## Work item
Retype the line with "Alfa Romeo 159" exactly. Then retype every line after it through the end of the entries below, and nothing more, leaving out pictures.

Source records
((

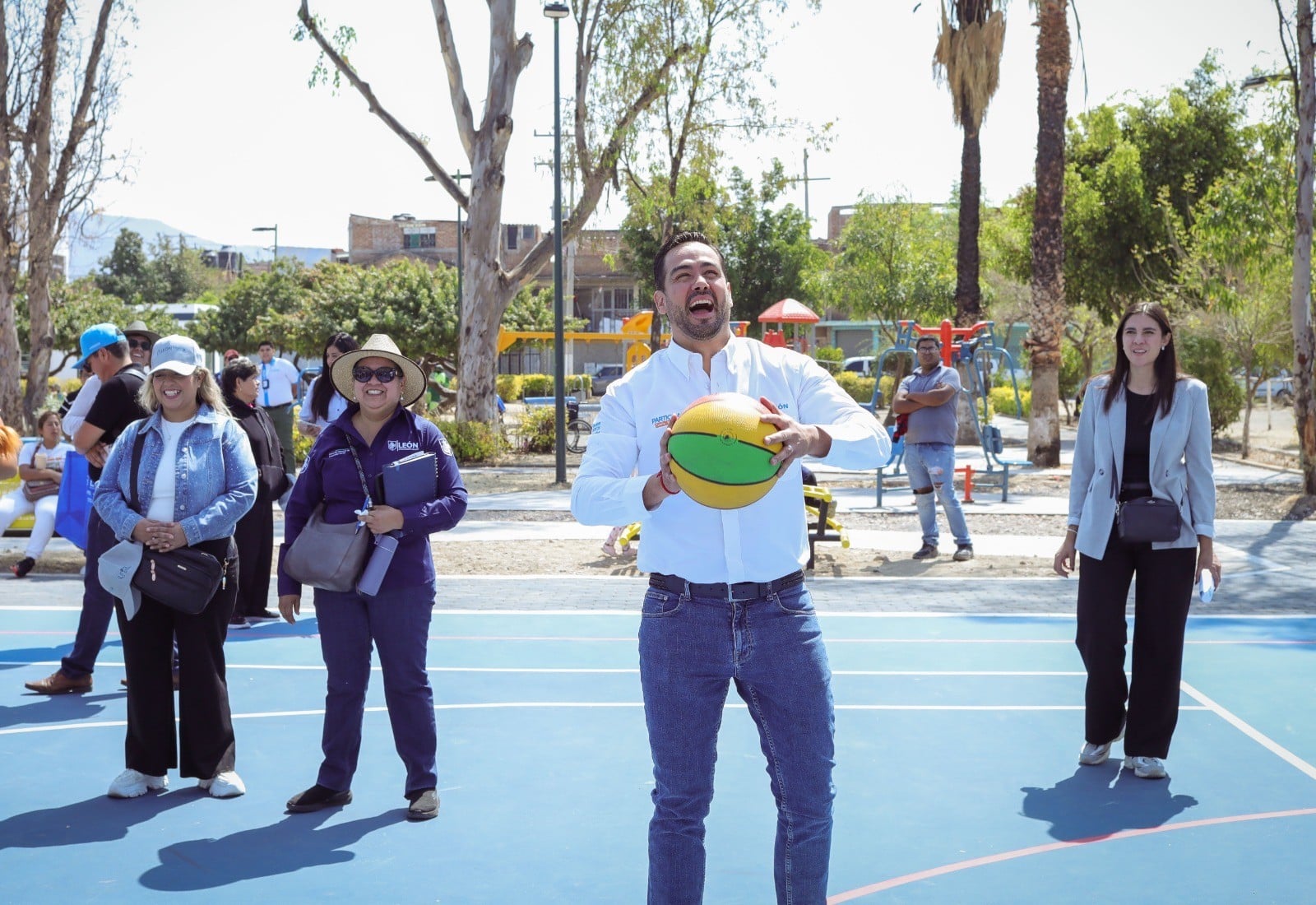 Renuncia Allan León Aguirre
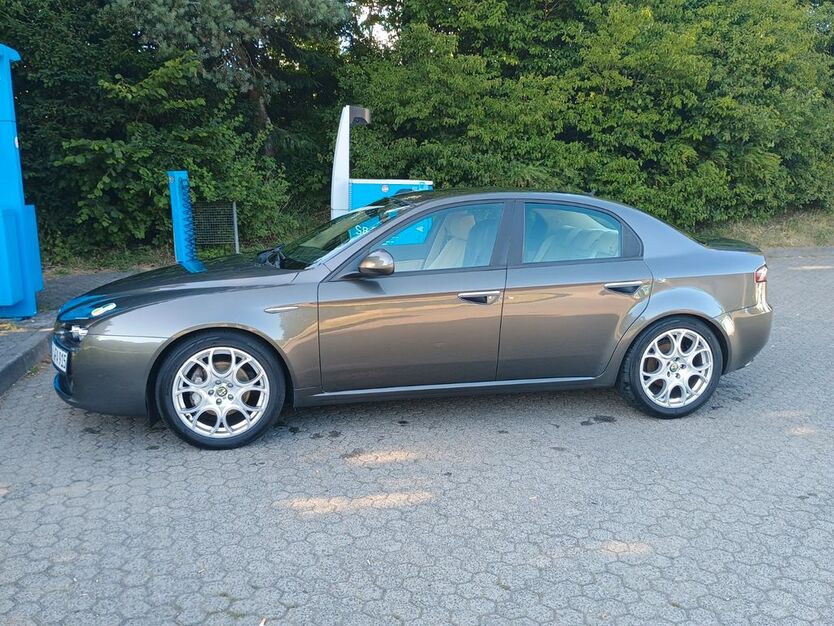 Alfa Romeo 159 130.000 km 3.985 € Gotha 99867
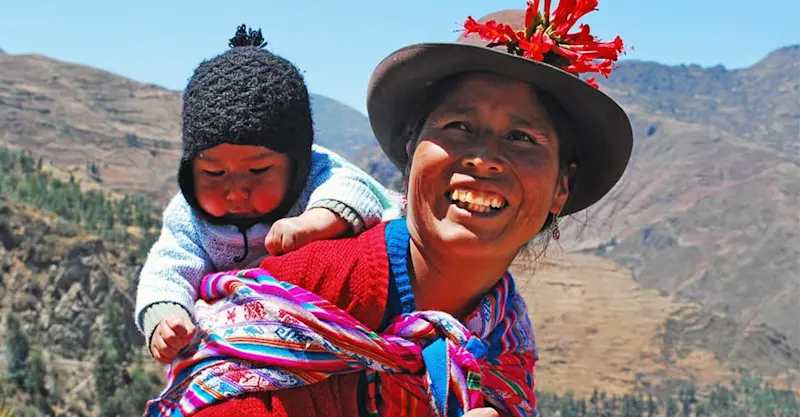 Local woman and baby, Pisac, Sacred Valley, Peru.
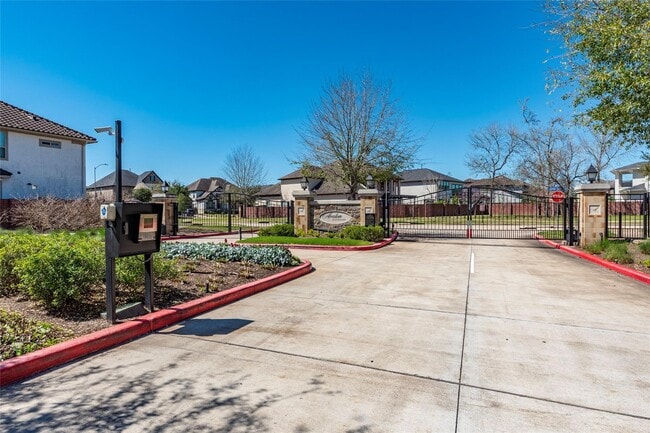 Photo - 5423 Lachlan Springs Ln
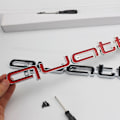 Miniatyrbild 5 av 5: Cool Quattro Logotyp Emblem Dekal Frontgrill Nedre Trim för Aud-i A6 A7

))

## Solution for this problem
 Alfa Romeo 159 130.000 km 3.985 € Gotha 99867
 Local woman and baby, Pisac, Sacred Valley, Peru.
 Photo - 5423 Lachlan Springs Ln
 Miniatyrbild 5 av 5: Cool Quattro Logotyp Emblem Dekal Frontgrill Nedre Trim för Aud-i A6 A7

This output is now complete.